Her obsession with it, trying to understand the tricks with lighting and positioning, is something all of us think about when taking photos or videos. If you were to look through my Instagram feed, you wouldn’t see any people or foodstuffs, but every photo that is up there is one of at least a half dozen attempts – one of them the 40somethingth version of the same shot. Because if I am going to put something up – there, here, anywhere, I may as well do it properly, right? How else could I convince people to SMASH THAT SUBSCRIBE BUTTON.

But where it hits a bit close to home is in a conversation between two of Retsuko’s colleagues about the inevitable result of this pursuit of likes. It gets pretty dark, but what is deemed the start of the spiral is something that I think a lot of younger people would cop to: traveling to another place – in this case, a new prefecture – for the sole purpose of hitting up a trendy spot with some instagrammable eats. This is something I struggle with on a fundamental level, and I imagine I’m not alone there.
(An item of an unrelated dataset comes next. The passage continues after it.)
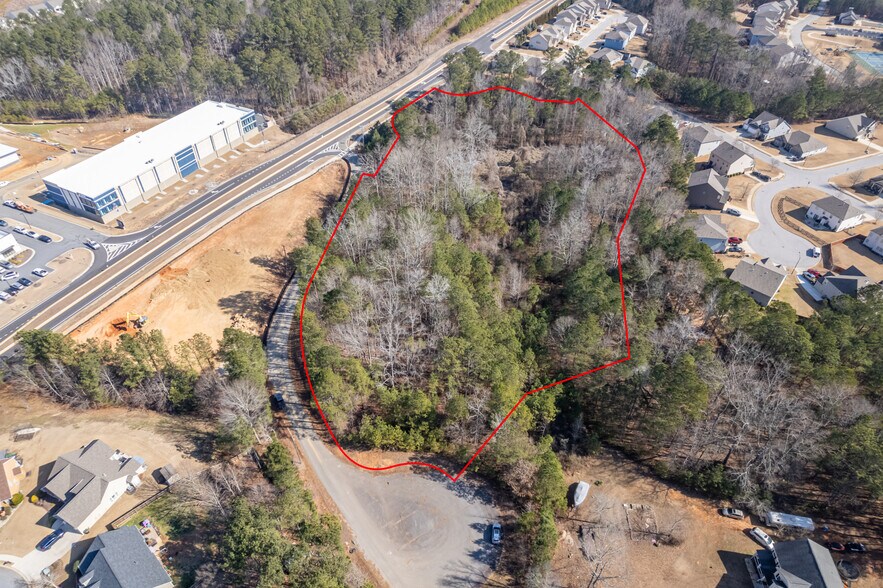 More Photos Of 0 Kaydells Place, Dallas Land For Sale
I talked a bit about it in my first video, but for a few years, I used an app called 1 Second Everyday, where at some point each day I would grab a second of video of a thing I was doing; at the end of the year, you have six minutes that are your life. And I felt compelled to do something every single day so that at the end of the year, people wouldn’t think my life was boring. And that meant doing new things or going to new places or meeting new people. My particular use of Tinder in 2016 was at least partially driven by this driving need for neweness

And I am glad I did it for the time that I did, because it helped me get out of my apartment and into the world. And because I made a concerted effort to do more than just get The One Second. I tried to enjoy the things that I was doing, despite the depressing motivation for having done them.

Because there is nothing wrong with going to a trendy café in a different city, even if you really just want to take a picture. The problem becomes when you do that without enjoying it. When you end up with your friends and refuse to eat noodle soup because it’s not photo-worthy enough for your holiday pic.

You can’t do that. You can’t let that impulse control your life and your happiness and your self-worth – even though it’s so easy to do. But you need to be okay with being in that moment, with getting the soup even if it isn’t photo worthy, because it’s delicious and you’re with your friends.

Aggretsuko gets it. It knows how complicated all of this stuff is to navigate. And it uses adorable animals and anime styling to give you another way to think about your own frustrations. In a way that you can laugh with and headbang with.